*Extracted data:*
▶

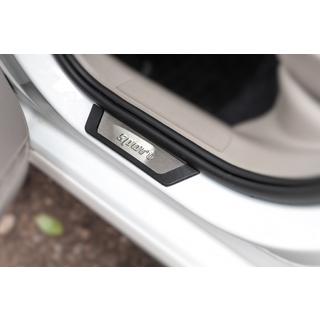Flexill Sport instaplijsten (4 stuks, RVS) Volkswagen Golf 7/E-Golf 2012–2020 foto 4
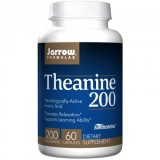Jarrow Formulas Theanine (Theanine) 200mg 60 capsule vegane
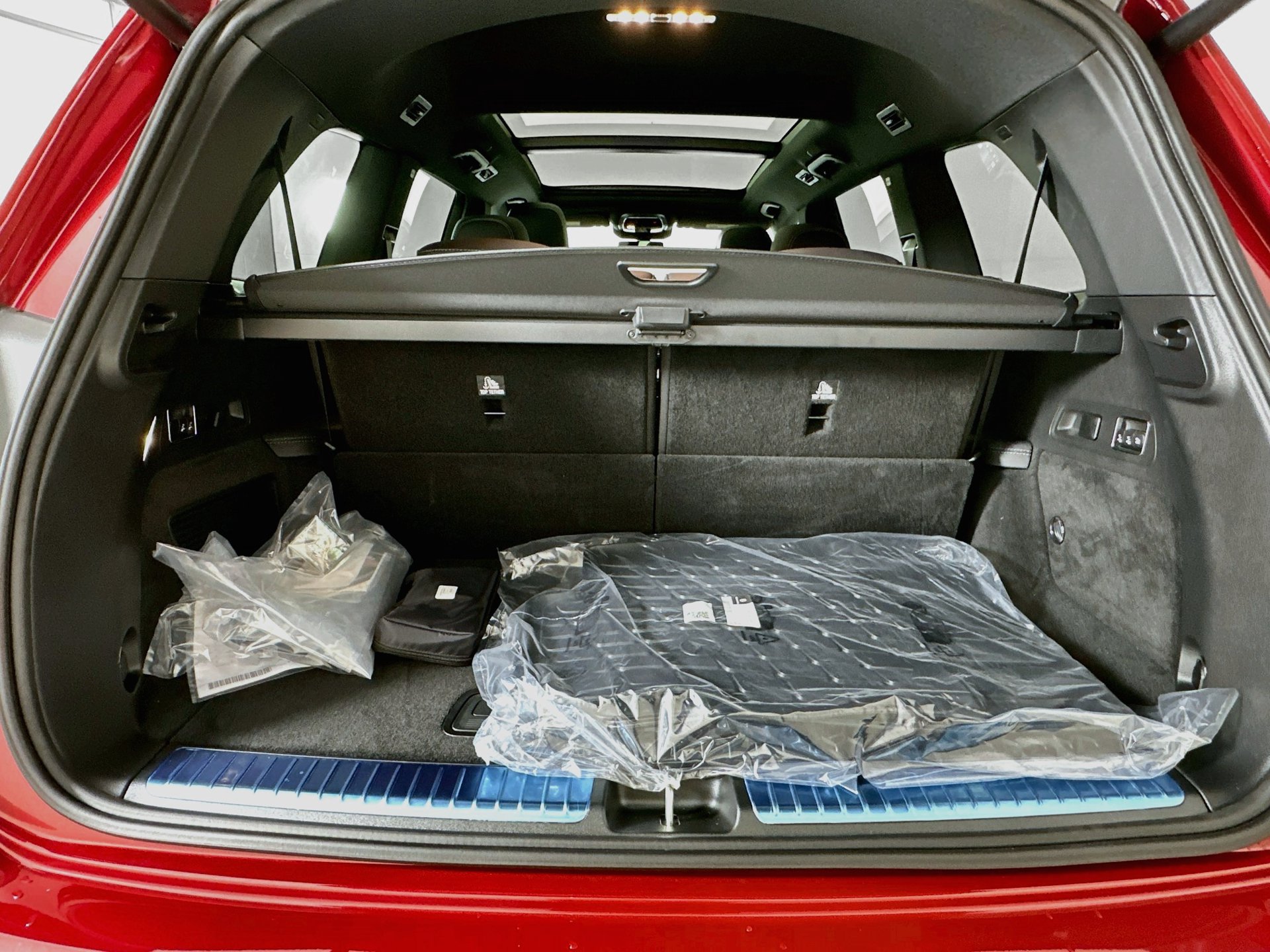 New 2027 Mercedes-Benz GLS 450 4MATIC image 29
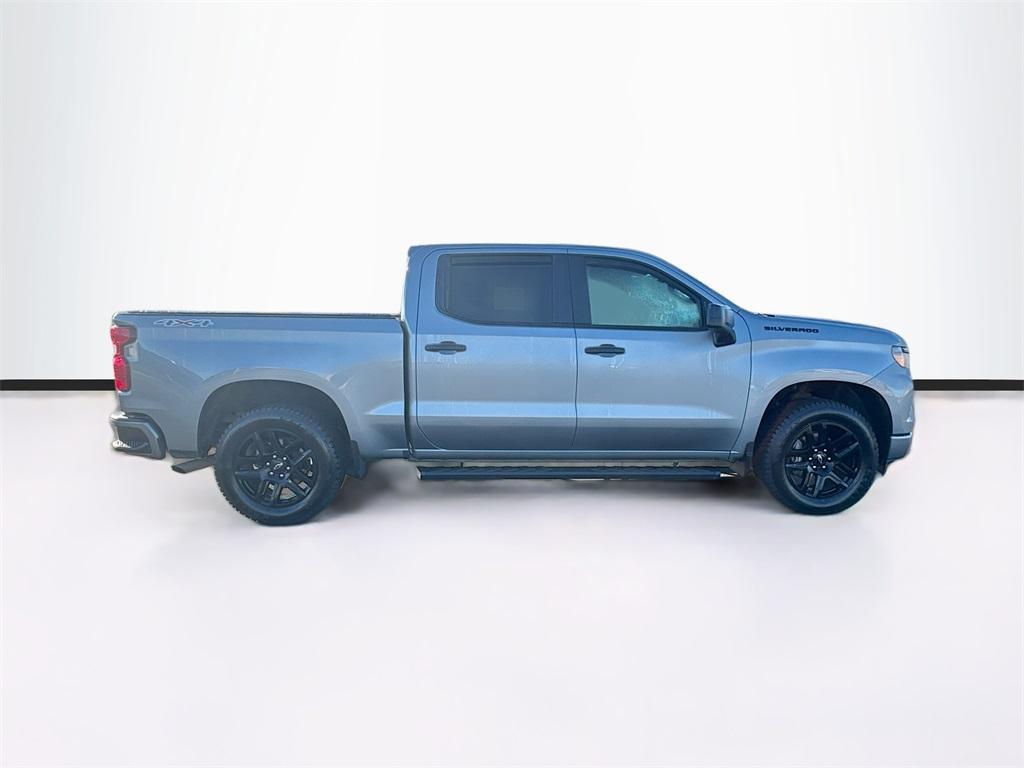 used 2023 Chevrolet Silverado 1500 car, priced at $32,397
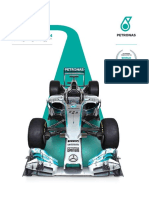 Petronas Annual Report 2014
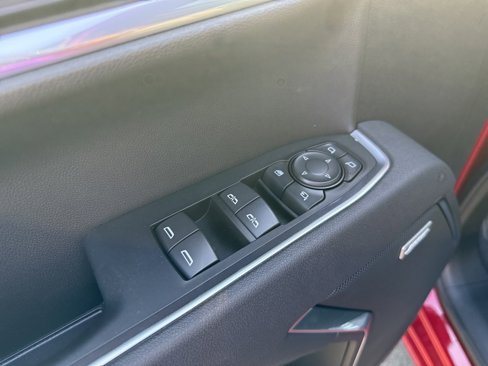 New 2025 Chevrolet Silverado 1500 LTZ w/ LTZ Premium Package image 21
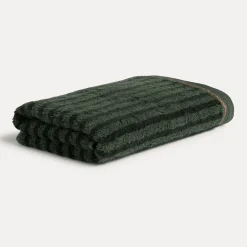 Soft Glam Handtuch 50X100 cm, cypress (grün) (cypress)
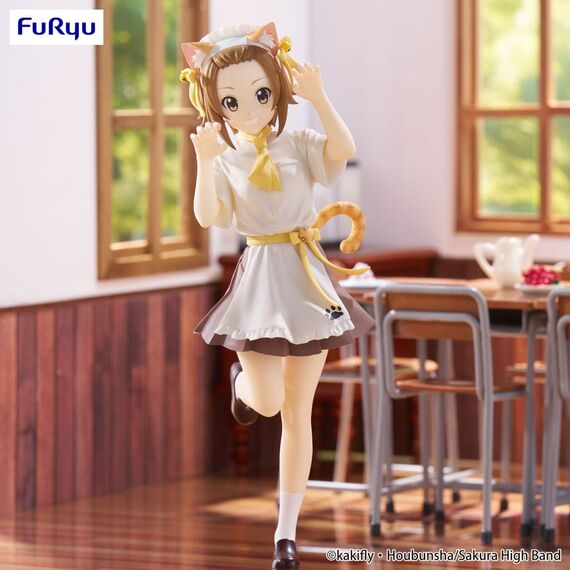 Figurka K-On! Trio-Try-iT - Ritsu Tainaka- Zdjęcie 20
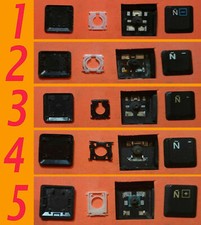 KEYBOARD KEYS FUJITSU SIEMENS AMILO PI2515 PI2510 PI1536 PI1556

◀
▶

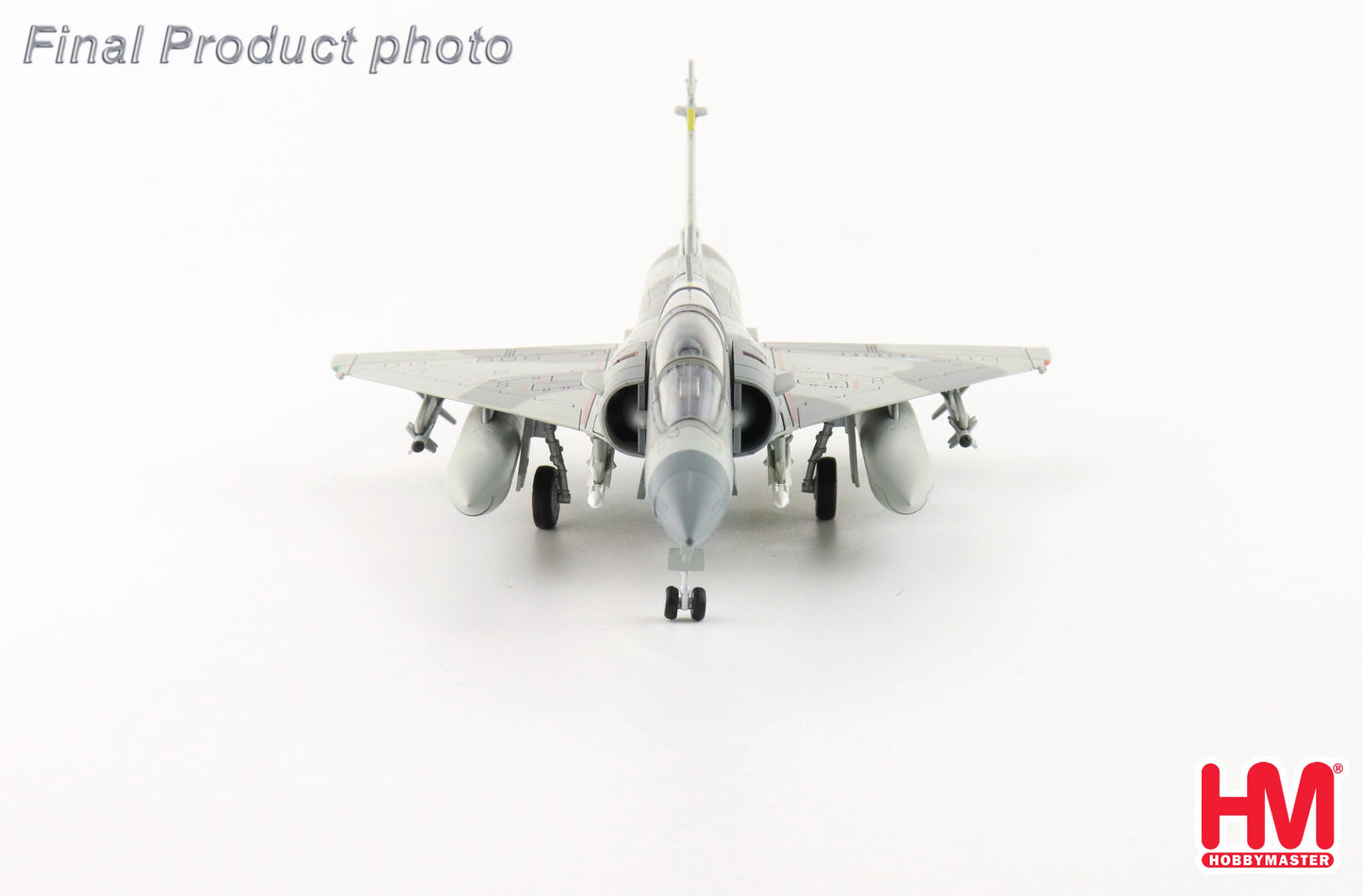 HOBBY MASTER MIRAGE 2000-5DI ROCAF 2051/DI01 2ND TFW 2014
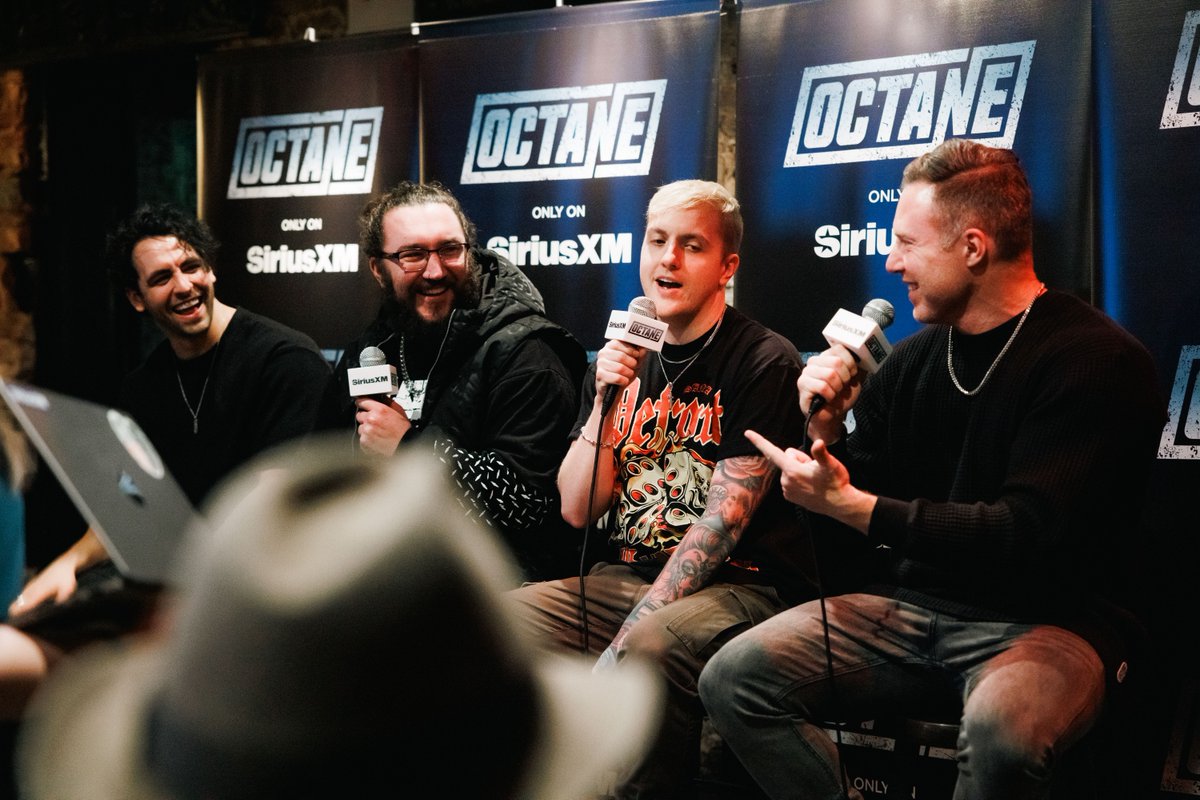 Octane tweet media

◀

*What to work on:*
From the material above, give again exactly the lines from the one that contains "New 2025 Chevrolet" through the one that contains "KEYBOARD KEYS FUJITSU", and leave out the pictures.

*Your solution:*
 New 2025 Chevrolet Silverado 1500 LTZ w/ LTZ Premium Package image 21
 Soft Glam Handtuch 50X100 cm, cypress (grün) (cypress)
 Figurka K-On! Trio-Try-iT - Ritsu Tainaka- Zdjęcie 20
 KEYBOARD KEYS FUJITSU SIEMENS AMILO PI2515 PI2510 PI1536 PI1556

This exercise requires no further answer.